In this blog post, I cover an array of lessons I’ve learned from swimming over the years. If you are really interested in getting better results from the training you do with your athletes right now, read the article and know that you will bring the knowledge back to land sports.
Why the Sport of Swimming Is Unique
Watch any child with a sound background of play run in physical education, and they’ll look coordinated and healthy. But toss the same kid, without a background in swimming, into a pool, and they’ll look terrible and could be at risk of drowning. The ugly truth is water is a very humbling medium for the human race, and this is why swim coaches have no choice but to be good instructors. Few athletes will learn the skills with just a little help and exposure to the sport, and overall you have to coach in swimming, as it exposes you.
The medium of water is still a bit of a mystery, and while we have all the latest science and technology, we still don’t know all the secrets to why swimmers differ outside of basic kinematic information that is crude and limited. One of my favorite books for coaches is Gold in the Water, a read that you simply can’t put down if you are a sports fan.

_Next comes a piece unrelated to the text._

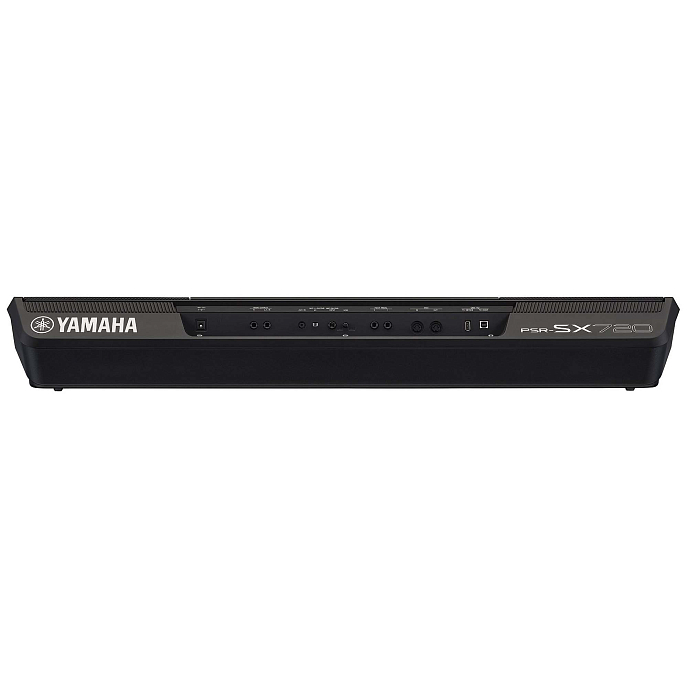 Синтезатор Yamaha PSR-SX720 Black - рис.4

In its early chapters, author P.H. Mullen paints an amazing visual to help the casual observer of the sport. What he does is great writing, as it’s hard for a former swimmer to get excited about doing yards in the pool, since it’s hard work and sometimes mind-numbing. Mullen writes:
“More bubbles and turbulence following the hand mean the swimmer is failing to fully ‘catch water.’ A slipping hand is akin to clawing at pebbles while climbing a steep hill. So much better to grasp a solid rock…The biomechanics of swimming is an exhausting jargon, while the secrets of forward propulsion remain elusive. Scientists are captivated by the mystery and devote their lives to studying it.” (p. 69-70)
Obviously, none of this resembles track and field, a close cousin to team sports where running, throwing, and jumping connect better. In fact, some of the patterns of swimming are the opposite of track and field, such as the fastest part of the race coming from the first few seconds, when athletes dive into the pool. In track and land sports you need to accelerate, whereas swimming is about maintaining velocity from the walls and blocks. The motions are beautiful and coordinated, but hardly resemble anything we can use on dry land. At least skiing and skating have more ground reaction forces so we glean something, right?
The key point I am making here is that swimming is a little weird and a difficult puzzle to figure out. Struggling with the mysteries of swimming makes you a better problem-solver. While sprinters are not really made in the weight room, the addition of some basic strength to an athlete does have more of a chance of showing up on the clock. Swimming is a little more complicated and far more nebulous for conventional training ideas, but fundamental training does work in the long run.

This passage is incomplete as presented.